Although timing differences generally would reverse so that the indefinite Corporate AMT credit carryforward could help to ameliorate their impact over time, there are a number of circumstances when this may not be the case, including, for example, when due to the ordering of when an item is recognized for book and tax purposes, the existence of an AMT credit carryforward is less useful than would be the case for an AMT credit carryback. This would be the case, for example, when a taxpayer recognizes an expense for a significant nonrecurring item, such as a new lawsuit or industrial accident, for book purposes for a liability that becomes deductible in a subsequent year.
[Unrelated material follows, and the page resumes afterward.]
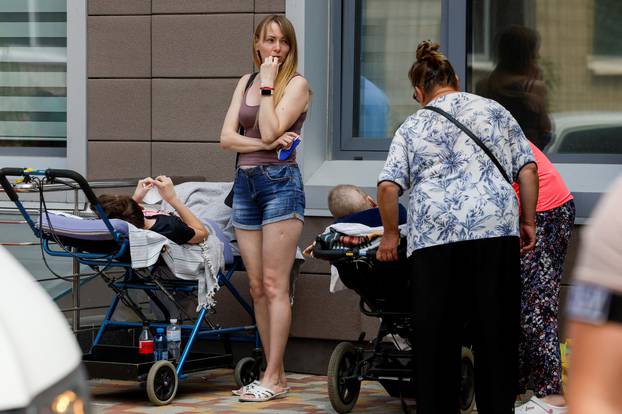 A woman stands next to patients near Ohmatdyt Children's Hospital that was damaged during Russian missile strikes, in Kyiv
Another reason that timing differences may be converted to permanent differences is the lack of transition rules to account, for example, for deferred tax assets that exist on transition for expenses that have been recognized prior to the effective date for book purposes but that are not yet deductible for tax purposes. An extreme version of this latter issue exists for pre-2020 NOLs, for which the proposal includes no transition relief.

Finally, foreign-derived intangible income (FDII), by itself, could cause a taxpayer to owe corporate AMT.  Even if FDII alone would not cause a taxpayer to owe corporate AMT (which is the more likely scenario for the vast majority of taxpayers), the FDII deduction could help to bring a taxpayer closer to the 15% rate such that, in combination with other items discussed above, a taxpayer could find itself owing Corporate AMT.

The draft Senate bill would provide significant regulatory authority with respect to certain aspects of the Corporate AMT. Thus, in many respects the operation of the Corporate AMT would depend on Treasury’s decisions in implementing the regime.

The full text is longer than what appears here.